## WORK ORDER
Produce an exact transcription of the data, with the images left out.
----
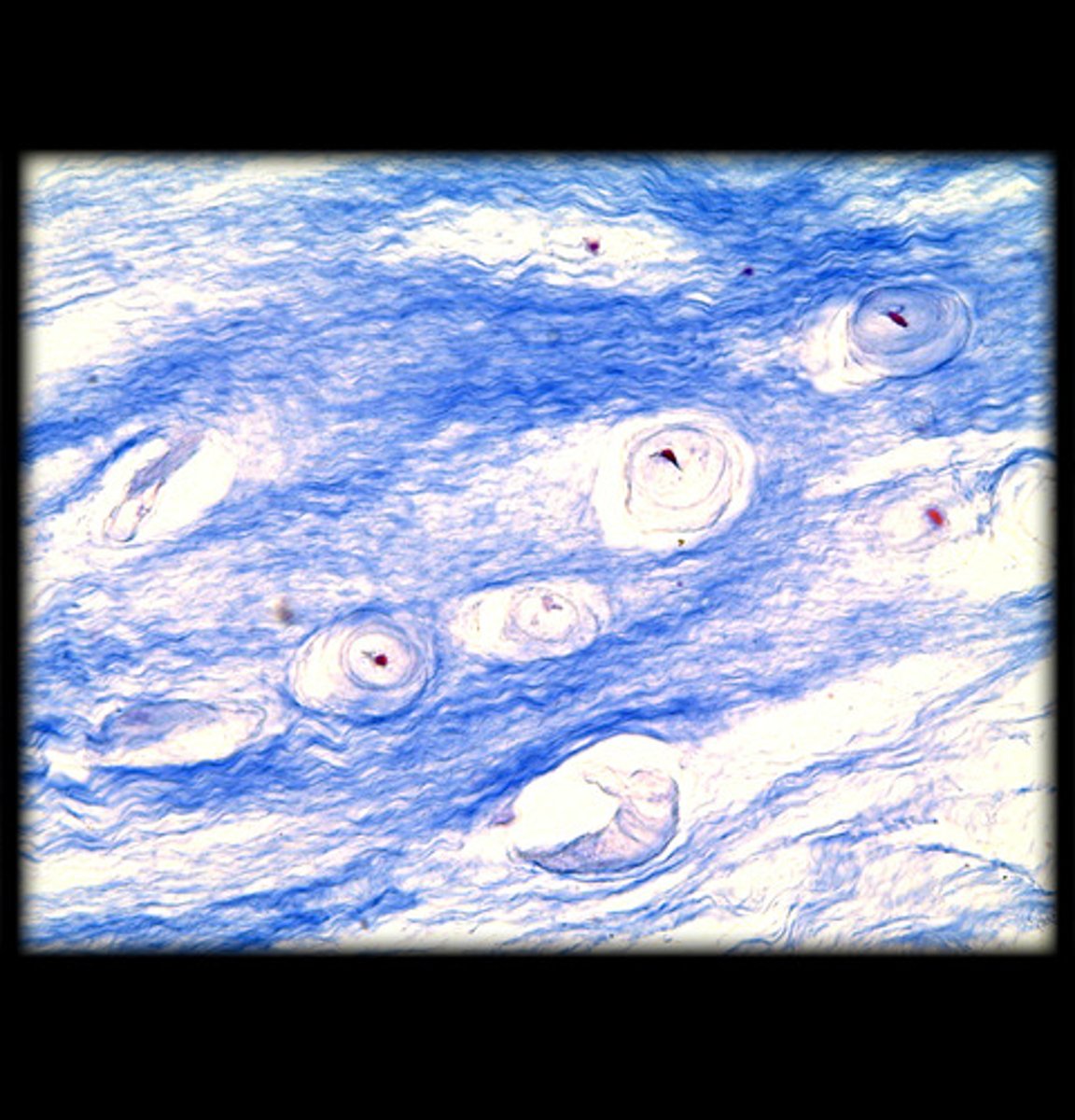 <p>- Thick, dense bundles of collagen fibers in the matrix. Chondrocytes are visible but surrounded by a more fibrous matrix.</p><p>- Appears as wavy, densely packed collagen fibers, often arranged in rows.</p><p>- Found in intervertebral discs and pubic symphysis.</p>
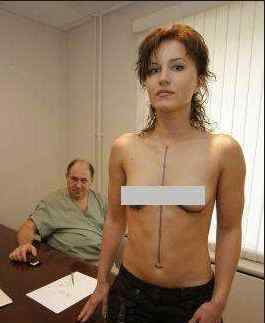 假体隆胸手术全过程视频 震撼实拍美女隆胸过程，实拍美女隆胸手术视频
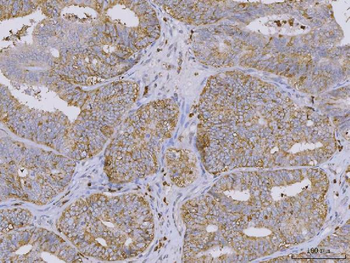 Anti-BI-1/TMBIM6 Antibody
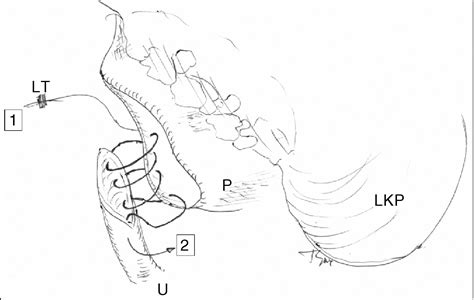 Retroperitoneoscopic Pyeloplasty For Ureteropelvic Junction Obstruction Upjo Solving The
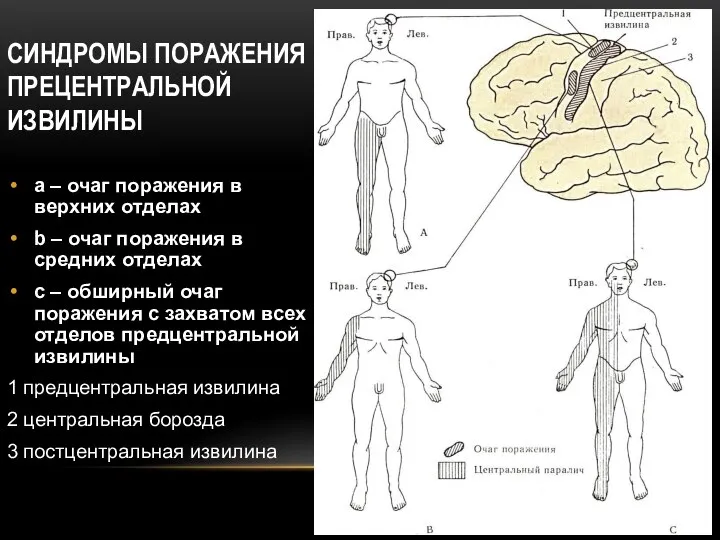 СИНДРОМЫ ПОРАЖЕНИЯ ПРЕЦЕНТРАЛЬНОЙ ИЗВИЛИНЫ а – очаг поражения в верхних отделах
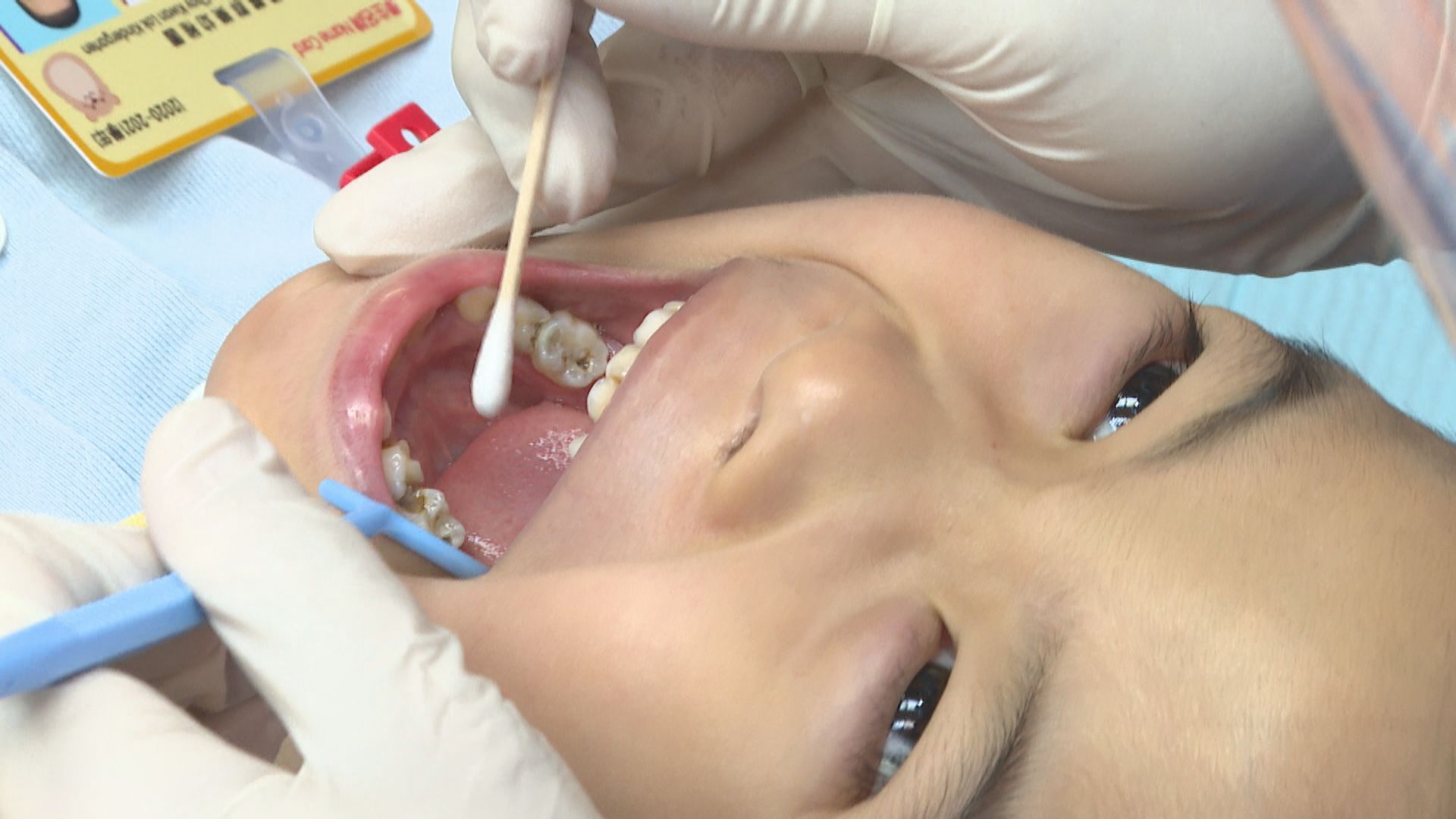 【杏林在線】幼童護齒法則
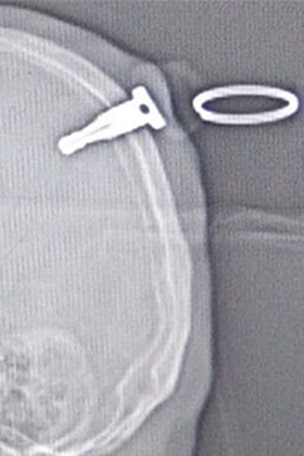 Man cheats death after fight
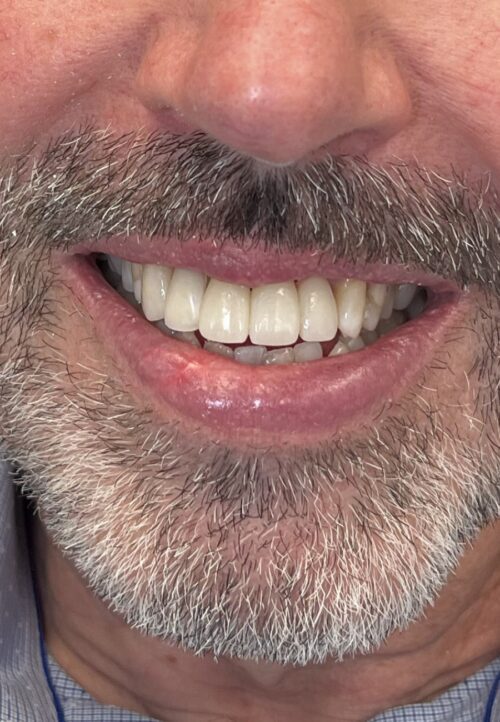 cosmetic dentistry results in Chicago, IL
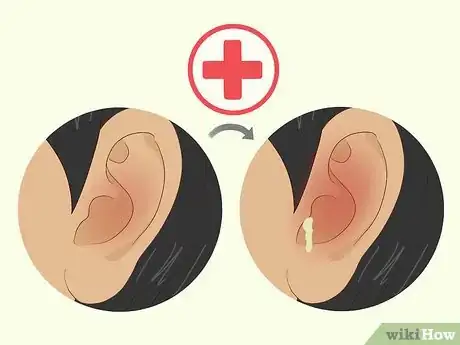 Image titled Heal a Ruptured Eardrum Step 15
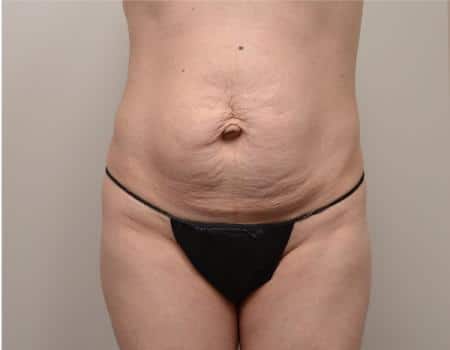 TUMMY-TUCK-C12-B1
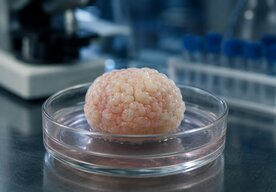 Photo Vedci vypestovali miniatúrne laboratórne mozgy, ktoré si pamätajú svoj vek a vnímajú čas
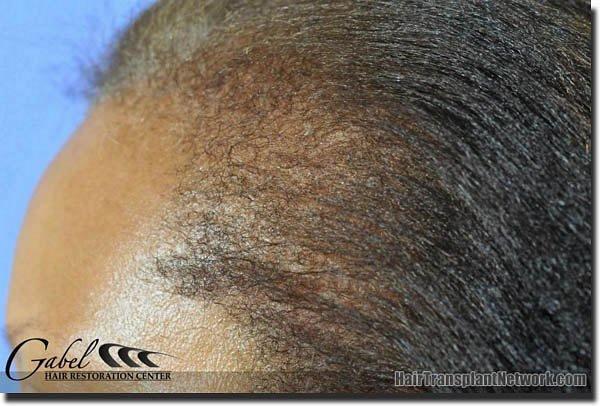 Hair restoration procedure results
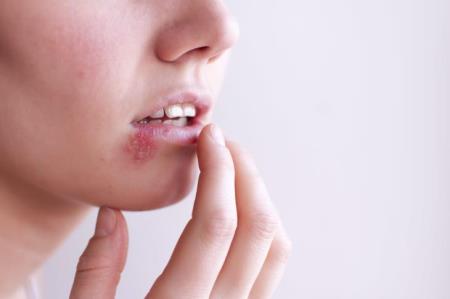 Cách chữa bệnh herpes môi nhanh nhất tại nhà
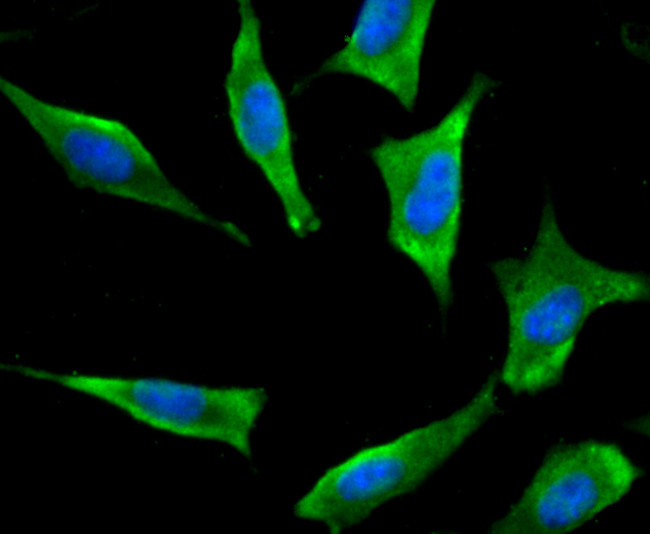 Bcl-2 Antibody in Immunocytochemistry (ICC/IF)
----
## RESPONSE AREA
 <p>- Thick, dense bundles of collagen fibers in the matrix. Chondrocytes are visible but surrounded by a more fibrous matrix.</p><p>- Appears as wavy, densely packed collagen fibers, often arranged in rows.</p><p>- Found in intervertebral discs and pubic symphysis.</p>
 假体隆胸手术全过程视频 震撼实拍美女隆胸过程，实拍美女隆胸手术视频
 Anti-BI-1/TMBIM6 Antibody
 Retroperitoneoscopic Pyeloplasty For Ureteropelvic Junction Obstruction Upjo Solving The
 СИНДРОМЫ ПОРАЖЕНИЯ ПРЕЦЕНТРАЛЬНОЙ ИЗВИЛИНЫ а – очаг поражения в верхних отделах
 【杏林在線】幼童護齒法則
 Man cheats death after fight
 cosmetic dentistry results in Chicago, IL
 Image titled Heal a Ruptured Eardrum Step 15
 TUMMY-TUCK-C12-B1
 Photo Vedci vypestovali miniatúrne laboratórne mozgy, ktoré si pamätajú svoj vek a vnímajú čas
 Hair restoration procedure results
 Cách chữa bệnh herpes môi nhanh nhất tại nhà
 Bcl-2 Antibody in Immunocytochemistry (ICC/IF)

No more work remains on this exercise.